--- DATA PROVIDED ---
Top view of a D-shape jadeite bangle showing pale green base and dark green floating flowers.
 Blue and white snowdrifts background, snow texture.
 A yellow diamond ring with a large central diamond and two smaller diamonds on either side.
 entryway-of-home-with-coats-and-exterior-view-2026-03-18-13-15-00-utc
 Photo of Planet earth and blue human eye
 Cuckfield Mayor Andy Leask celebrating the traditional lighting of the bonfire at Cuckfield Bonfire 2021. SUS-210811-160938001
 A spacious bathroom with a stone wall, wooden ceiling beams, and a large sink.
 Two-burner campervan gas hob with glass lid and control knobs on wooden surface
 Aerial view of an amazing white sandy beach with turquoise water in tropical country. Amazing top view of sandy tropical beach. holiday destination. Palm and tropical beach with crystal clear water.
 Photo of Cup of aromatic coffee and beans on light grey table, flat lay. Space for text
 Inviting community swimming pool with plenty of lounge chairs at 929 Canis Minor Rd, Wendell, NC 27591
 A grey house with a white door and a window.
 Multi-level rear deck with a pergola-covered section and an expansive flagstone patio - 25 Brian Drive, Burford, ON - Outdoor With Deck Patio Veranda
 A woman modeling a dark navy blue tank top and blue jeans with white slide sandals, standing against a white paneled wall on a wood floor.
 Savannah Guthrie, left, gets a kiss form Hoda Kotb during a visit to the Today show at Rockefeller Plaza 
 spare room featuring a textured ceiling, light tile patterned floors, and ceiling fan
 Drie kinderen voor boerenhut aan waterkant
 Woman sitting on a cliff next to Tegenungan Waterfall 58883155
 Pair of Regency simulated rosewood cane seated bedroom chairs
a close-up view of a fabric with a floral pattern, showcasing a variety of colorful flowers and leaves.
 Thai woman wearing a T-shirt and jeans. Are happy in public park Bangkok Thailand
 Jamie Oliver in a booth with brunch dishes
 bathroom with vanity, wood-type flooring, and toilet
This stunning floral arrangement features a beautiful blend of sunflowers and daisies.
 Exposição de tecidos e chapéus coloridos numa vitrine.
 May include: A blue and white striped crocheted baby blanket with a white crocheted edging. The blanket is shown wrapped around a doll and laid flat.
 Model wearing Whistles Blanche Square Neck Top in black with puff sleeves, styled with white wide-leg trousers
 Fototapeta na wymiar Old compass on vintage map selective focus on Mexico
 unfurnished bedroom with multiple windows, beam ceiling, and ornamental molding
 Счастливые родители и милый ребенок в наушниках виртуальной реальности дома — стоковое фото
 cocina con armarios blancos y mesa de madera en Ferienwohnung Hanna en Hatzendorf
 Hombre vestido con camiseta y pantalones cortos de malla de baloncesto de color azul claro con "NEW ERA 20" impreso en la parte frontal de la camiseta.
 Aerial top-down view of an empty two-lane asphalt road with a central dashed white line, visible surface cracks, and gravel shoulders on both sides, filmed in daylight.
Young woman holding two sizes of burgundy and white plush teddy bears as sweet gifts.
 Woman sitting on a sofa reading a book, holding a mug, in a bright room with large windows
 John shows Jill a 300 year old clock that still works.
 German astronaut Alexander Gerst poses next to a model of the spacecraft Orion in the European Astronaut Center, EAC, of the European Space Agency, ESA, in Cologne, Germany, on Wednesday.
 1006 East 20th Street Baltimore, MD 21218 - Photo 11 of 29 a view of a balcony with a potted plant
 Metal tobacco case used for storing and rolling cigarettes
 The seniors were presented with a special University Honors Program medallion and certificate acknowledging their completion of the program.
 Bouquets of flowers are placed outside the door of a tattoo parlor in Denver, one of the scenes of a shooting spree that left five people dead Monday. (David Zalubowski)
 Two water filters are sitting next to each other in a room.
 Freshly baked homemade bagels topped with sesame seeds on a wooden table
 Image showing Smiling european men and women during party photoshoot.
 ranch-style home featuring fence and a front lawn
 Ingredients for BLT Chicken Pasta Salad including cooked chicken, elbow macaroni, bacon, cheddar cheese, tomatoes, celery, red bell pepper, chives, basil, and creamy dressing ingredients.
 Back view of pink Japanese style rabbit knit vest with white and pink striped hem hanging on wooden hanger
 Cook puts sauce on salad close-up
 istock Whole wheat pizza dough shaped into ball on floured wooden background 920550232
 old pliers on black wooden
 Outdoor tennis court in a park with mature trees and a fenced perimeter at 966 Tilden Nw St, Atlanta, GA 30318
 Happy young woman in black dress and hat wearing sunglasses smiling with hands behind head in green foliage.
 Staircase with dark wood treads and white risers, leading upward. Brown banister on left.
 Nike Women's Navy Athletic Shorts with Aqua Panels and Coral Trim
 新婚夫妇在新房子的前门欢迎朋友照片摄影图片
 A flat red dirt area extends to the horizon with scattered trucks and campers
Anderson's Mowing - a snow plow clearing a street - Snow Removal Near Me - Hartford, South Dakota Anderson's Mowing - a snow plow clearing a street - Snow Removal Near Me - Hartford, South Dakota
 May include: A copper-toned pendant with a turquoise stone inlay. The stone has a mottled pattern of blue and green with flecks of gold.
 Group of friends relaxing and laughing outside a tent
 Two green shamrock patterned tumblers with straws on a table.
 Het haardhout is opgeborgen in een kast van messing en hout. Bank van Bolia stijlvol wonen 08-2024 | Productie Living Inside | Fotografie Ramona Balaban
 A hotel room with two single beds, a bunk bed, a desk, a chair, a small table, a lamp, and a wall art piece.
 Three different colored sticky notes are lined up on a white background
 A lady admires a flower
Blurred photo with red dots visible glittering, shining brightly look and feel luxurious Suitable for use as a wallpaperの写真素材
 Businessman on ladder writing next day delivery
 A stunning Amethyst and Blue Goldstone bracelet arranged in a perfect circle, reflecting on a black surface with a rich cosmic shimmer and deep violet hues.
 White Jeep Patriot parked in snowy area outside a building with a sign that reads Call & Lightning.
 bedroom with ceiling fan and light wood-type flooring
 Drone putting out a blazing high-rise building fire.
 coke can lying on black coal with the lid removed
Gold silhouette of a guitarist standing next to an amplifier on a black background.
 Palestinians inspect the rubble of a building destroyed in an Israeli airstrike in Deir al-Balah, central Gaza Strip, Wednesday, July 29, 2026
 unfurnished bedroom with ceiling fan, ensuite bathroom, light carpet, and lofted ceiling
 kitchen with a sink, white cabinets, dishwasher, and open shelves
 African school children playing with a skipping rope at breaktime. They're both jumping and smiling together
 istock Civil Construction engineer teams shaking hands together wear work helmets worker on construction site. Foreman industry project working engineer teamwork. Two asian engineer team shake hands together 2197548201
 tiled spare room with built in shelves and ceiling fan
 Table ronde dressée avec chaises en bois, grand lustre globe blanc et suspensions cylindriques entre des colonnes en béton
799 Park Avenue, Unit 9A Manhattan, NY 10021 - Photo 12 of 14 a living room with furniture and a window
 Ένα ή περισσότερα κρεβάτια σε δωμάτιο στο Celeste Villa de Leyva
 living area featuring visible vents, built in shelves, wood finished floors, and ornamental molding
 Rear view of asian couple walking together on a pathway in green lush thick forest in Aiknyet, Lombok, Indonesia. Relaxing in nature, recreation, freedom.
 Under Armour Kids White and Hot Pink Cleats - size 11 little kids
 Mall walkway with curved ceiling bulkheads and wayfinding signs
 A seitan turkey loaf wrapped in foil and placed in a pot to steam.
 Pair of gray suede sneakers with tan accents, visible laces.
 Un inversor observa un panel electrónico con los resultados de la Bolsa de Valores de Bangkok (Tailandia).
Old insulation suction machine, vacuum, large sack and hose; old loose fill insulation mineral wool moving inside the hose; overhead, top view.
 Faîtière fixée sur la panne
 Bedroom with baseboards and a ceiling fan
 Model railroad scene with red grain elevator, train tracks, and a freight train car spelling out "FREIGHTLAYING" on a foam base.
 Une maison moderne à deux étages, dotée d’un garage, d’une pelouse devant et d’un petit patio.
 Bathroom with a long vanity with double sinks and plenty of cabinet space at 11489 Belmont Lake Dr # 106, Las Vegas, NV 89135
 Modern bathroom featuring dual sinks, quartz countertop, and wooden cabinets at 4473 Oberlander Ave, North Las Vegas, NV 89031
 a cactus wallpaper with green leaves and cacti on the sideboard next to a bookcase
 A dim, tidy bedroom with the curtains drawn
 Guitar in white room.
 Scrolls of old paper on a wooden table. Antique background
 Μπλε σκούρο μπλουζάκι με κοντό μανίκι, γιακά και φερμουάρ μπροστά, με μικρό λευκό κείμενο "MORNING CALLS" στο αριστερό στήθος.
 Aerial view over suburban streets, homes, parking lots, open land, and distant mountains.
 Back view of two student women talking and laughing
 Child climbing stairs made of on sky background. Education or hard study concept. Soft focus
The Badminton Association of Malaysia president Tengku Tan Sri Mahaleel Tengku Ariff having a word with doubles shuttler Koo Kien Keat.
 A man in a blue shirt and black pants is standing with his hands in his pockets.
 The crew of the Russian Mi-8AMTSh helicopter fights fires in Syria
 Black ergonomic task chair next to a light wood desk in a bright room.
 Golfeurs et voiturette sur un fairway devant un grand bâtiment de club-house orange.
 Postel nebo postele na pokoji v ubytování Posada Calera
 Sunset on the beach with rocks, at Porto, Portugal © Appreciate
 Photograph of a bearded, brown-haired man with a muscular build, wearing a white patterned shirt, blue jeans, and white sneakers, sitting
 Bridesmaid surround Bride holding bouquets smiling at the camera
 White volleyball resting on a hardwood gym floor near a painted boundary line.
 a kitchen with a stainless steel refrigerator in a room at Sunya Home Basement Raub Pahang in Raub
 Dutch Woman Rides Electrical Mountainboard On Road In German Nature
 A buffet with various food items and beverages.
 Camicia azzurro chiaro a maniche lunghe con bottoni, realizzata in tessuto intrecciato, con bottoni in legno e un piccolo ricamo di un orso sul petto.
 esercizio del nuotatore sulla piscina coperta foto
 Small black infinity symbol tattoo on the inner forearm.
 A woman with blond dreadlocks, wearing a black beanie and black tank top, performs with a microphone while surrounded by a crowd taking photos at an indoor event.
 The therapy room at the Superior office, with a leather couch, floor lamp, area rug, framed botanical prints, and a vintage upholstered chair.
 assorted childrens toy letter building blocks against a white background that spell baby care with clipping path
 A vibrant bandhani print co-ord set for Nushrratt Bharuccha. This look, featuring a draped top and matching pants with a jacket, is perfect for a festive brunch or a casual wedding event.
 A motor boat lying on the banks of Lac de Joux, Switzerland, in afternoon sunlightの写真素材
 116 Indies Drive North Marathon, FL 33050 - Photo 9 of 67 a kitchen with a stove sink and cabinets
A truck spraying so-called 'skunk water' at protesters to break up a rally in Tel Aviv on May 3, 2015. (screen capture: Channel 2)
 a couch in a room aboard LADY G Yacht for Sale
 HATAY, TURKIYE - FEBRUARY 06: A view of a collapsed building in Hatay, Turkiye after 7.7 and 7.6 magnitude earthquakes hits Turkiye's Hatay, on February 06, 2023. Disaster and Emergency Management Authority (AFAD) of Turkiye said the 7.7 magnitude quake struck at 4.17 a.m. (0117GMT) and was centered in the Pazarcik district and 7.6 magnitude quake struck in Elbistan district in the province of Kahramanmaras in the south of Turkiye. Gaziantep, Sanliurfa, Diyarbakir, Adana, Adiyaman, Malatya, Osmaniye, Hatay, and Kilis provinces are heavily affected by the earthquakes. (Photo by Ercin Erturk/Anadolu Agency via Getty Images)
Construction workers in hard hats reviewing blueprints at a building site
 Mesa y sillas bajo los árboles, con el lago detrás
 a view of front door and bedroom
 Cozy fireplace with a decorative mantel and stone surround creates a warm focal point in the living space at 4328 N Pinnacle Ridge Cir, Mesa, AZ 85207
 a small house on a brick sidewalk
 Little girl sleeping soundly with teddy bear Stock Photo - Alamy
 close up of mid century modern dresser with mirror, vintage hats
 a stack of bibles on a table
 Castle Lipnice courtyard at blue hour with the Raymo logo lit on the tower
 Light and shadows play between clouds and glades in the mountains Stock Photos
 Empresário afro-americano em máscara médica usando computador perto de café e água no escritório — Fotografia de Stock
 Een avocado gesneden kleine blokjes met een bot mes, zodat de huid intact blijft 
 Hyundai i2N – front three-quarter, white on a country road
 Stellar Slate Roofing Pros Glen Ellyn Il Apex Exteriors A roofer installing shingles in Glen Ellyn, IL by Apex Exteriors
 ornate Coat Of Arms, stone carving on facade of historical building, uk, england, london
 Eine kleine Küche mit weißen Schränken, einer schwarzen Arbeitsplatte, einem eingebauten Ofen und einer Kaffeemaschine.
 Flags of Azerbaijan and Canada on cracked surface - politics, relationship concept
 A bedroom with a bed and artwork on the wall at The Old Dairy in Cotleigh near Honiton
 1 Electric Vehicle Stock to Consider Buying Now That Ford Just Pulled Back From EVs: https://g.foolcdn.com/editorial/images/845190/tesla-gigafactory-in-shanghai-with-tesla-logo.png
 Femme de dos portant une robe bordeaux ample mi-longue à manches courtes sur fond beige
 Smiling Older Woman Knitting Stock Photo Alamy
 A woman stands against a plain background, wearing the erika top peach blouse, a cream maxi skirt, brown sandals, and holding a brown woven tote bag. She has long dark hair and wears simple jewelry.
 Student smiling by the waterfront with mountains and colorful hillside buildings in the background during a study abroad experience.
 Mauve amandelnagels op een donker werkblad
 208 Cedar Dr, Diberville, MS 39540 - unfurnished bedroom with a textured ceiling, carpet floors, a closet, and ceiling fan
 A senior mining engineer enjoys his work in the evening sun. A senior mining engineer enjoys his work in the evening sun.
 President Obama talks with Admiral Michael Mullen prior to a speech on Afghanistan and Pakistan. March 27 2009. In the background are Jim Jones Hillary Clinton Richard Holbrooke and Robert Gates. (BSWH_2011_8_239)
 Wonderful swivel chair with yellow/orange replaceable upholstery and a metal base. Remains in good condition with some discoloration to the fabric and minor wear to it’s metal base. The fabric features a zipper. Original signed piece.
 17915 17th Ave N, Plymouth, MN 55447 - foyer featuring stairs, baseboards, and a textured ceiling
---
The expected answer is each line of the records above that includes the string "ceiling".

RESPONSE:
 A spacious bathroom with a stone wall, wooden ceiling beams, and a large sink.
 spare room featuring a textured ceiling, light tile patterned floors, and ceiling fan
 unfurnished bedroom with multiple windows, beam ceiling, and ornamental molding
 bedroom with ceiling fan and light wood-type flooring
 unfurnished bedroom with ceiling fan, ensuite bathroom, light carpet, and lofted ceiling
 tiled spare room with built in shelves and ceiling fan
 Mall walkway with curved ceiling bulkheads and wayfinding signs
 Bedroom with baseboards and a ceiling fan
 208 Cedar Dr, Diberville, MS 39540 - unfurnished bedroom with a textured ceiling, carpet floors, a closet, and ceiling fan
 17915 17th Ave N, Plymouth, MN 55447 - foyer featuring stairs, baseboards, and a textured ceiling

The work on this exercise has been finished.